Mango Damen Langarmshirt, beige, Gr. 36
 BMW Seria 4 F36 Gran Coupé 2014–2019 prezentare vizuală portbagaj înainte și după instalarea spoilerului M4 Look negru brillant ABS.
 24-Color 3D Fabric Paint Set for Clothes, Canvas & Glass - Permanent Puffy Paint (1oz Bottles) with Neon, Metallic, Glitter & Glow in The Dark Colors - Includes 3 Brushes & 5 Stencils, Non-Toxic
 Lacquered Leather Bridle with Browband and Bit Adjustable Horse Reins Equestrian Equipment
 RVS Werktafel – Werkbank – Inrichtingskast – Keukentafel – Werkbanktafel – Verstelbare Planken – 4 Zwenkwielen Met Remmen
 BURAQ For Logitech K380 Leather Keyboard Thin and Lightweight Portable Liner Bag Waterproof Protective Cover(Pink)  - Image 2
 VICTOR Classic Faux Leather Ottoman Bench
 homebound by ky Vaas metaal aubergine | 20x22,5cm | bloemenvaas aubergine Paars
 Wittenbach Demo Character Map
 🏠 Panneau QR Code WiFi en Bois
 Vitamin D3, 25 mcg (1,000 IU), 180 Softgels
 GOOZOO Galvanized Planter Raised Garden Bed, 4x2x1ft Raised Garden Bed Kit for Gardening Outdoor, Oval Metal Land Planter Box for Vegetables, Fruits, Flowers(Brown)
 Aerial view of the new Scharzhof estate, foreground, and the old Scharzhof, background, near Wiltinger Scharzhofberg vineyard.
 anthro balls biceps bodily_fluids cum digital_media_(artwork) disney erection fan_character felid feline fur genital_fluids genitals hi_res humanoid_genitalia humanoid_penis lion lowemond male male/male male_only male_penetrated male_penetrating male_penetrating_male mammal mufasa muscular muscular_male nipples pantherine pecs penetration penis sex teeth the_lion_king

#### WHAT IS BEING ASKED:
No line may be left out; the records are to be transcribed in full.

#### ANSWER BOX:
Mango Damen Langarmshirt, beige, Gr. 36
 BMW Seria 4 F36 Gran Coupé 2014–2019 prezentare vizuală portbagaj înainte și după instalarea spoilerului M4 Look negru brillant ABS.
 24-Color 3D Fabric Paint Set for Clothes, Canvas & Glass - Permanent Puffy Paint (1oz Bottles) with Neon, Metallic, Glitter & Glow in The Dark Colors - Includes 3 Brushes & 5 Stencils, Non-Toxic
 Lacquered Leather Bridle with Browband and Bit Adjustable Horse Reins Equestrian Equipment
 RVS Werktafel – Werkbank – Inrichtingskast – Keukentafel – Werkbanktafel – Verstelbare Planken – 4 Zwenkwielen Met Remmen
 BURAQ For Logitech K380 Leather Keyboard Thin and Lightweight Portable Liner Bag Waterproof Protective Cover(Pink)  - Image 2
 VICTOR Classic Faux Leather Ottoman Bench
 homebound by ky Vaas metaal aubergine | 20x22,5cm | bloemenvaas aubergine Paars
 Wittenbach Demo Character Map
 🏠 Panneau QR Code WiFi en Bois
 Vitamin D3, 25 mcg (1,000 IU), 180 Softgels
 GOOZOO Galvanized Planter Raised Garden Bed, 4x2x1ft Raised Garden Bed Kit for Gardening Outdoor, Oval Metal Land Planter Box for Vegetables, Fruits, Flowers(Brown)
 Aerial view of the new Scharzhof estate, foreground, and the old Scharzhof, background, near Wiltinger Scharzhofberg vineyard.
 anthro balls biceps bodily_fluids cum digital_media_(artwork) disney erection fan_character felid feline fur genital_fluids genitals hi_res humanoid_genitalia humanoid_penis lion lowemond male male/male male_only male_penetrated male_penetrating male_penetrating_male mammal mufasa muscular muscular_male nipples pantherine pecs penetration penis sex teeth the_lion_king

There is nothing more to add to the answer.